Map of Palais de la Culture, Rio de JaneiroLoad map
The coordinates shown for all tentative sites were produced as a community effort. They are not official and may change on inscription.
Edificio Palacio Gustavo Capanema is a pioneering modernist building located in the heart of Rio De Janeiro. It is just a couple of blocks away from other interesting buildings in the Centro, such as the Theatro Municipal, Fundaçao Biblioteca Nacional, and the Museu Nacional de Belas Artes. As Walter said in his review, it is easily accessible by metro, and thus, there was no practical reason for me not to visit this site when I was back in Rio in October 2022.
I visited the building on a rainy afternoon, which proved to be quite inconvenient as my visit coincided with the rush hour.

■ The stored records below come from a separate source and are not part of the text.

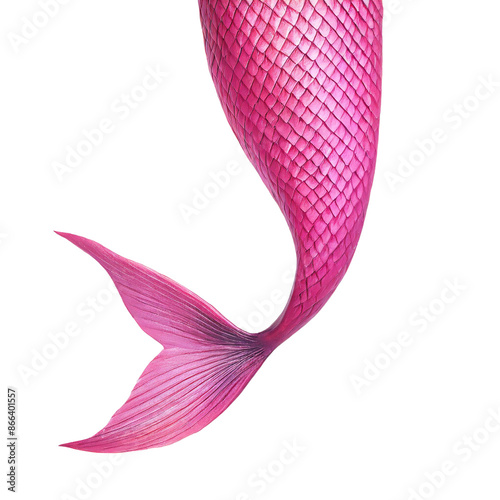 Pink mermaid tail isolated on a transparent background. Fantasy, mythical creature, and fairytale concept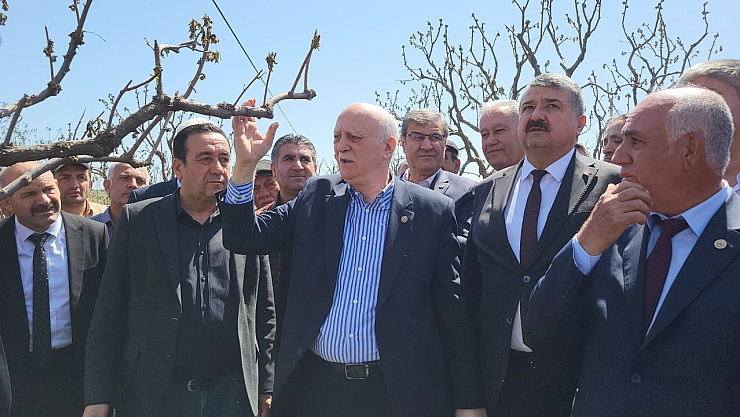 TZOB Genel Başkanı zirai don vuran bahçeleri inceledi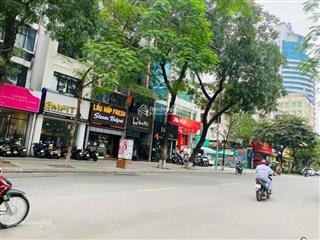 Chính chủ tôi bán nhà riêng trần quang diệu 40m2 x 5 tầng mt3,5m vỉa hè rộng có gara ô tô giá 15 tỷ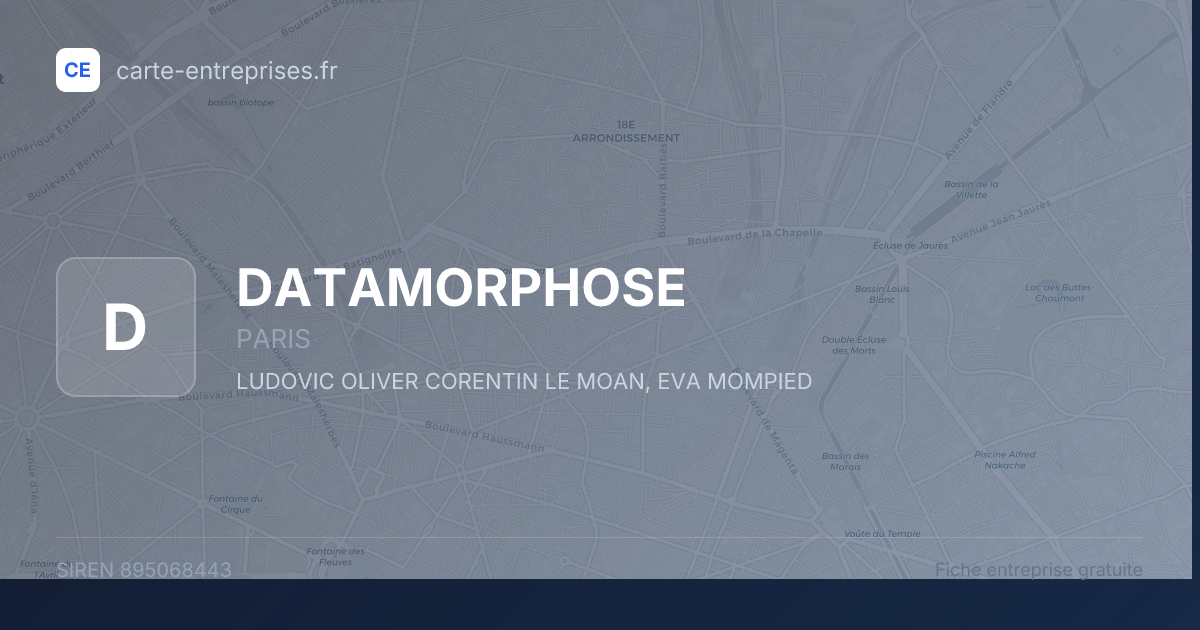 DATAMORPHOSE — 895068443 — fiche entreprise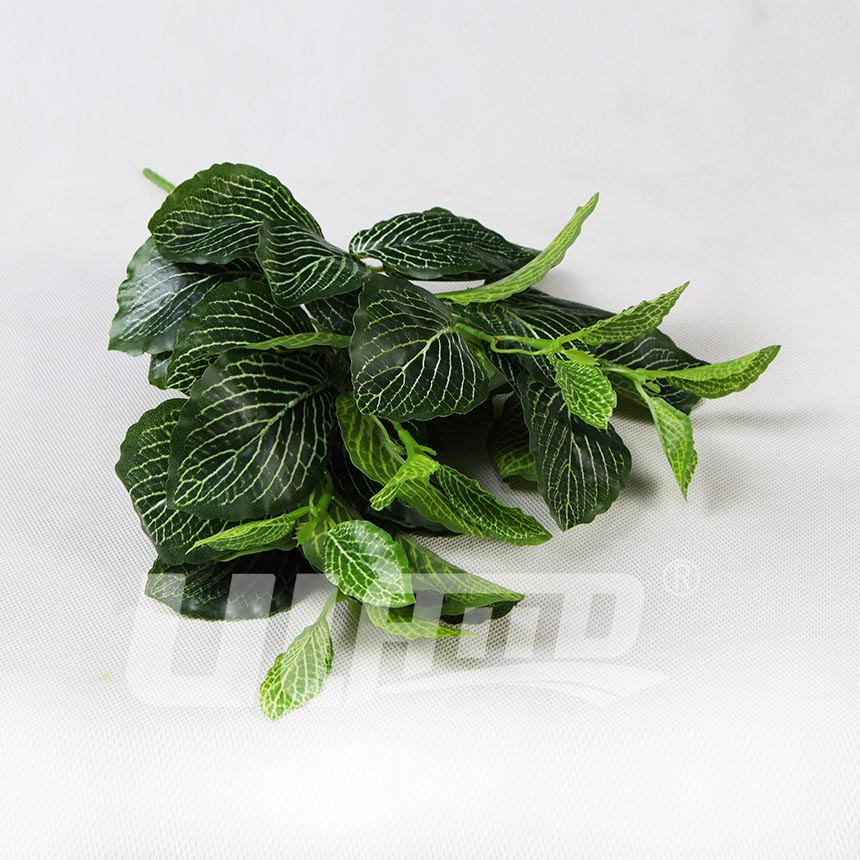 仿真植物網紋草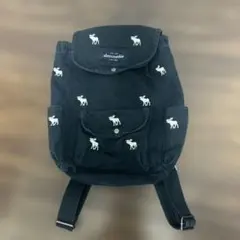【美品】Abercrombie アバクロ　リュック　ネイビー　キャンパス地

Approaching the site from the Cinelandia metro station, I was greeted by a building that was fenced off by corrugated metal sheets, which were pretty much covered in graffiti. A signage installed at the northern side of the building says that it was still being renovated and “modernized”. While I was not expecting to see the interiors of each floor given the time of my visit, I was hoping that I would be able to take a peek of the garden and get a full view of the stilt-like columns. I had to content myself with walking around the perimeter, which was helpful enough to appreciate the façade and the external structures of the building. Unfortunately, the only highlight I could share during my visit was the azulejos on the wall facing Avenida Graça Aranha (see photo). Seashells and seahorses are drawn on the bigger and smaller tiles, respectively.
Though my visit was limited, I don’t expect this site to be inscribed soon since Brazil’s celebrated architects and landscapers have already been recognized through the inscription of Brasilia, Pampulha, and Sitio Roberto Burle Marx. Besides, its UNESCO WHS webpage does not talk much about its OUV. In this regard however, I'd love to see any developments about its campaign for inscription.
Also called Edificio Gustavo Capanema, this edifice was built between 1937 and 1945, is a fine example of Brazilian modernist architecture. It is located in the center of Rio, it is a 3 minutes walk from Cînelandia metro station. It was designed by a team of well-known architects including Oscar Niemeyer with a supervision by Le Corbusier. The gardens, including a garden terrace, were designed by Burle Marx. Three years after completion, it was inscribed as an historical monument, thus preventing alteration the original design.
I visited the building in January 2019. It was still in renovation, with fences closing access to the building. Even though, most of the building features are visible, as it rests on ten-meter pilotis and has 16 floors of iron, concrete, marble, vertical glass, natural ventilation and lights. Some facade feature portuguese-style glazed tiles. The building was completely empty, without any offices or furniture in any of its floors.
Renovations are planned until 2020. The building will then host the World Congress of Architects, and Rio will be named « UNESCO World Capital of Architecture ». That could be an opportunity for inscription, but Brazil has another site planned for 2020.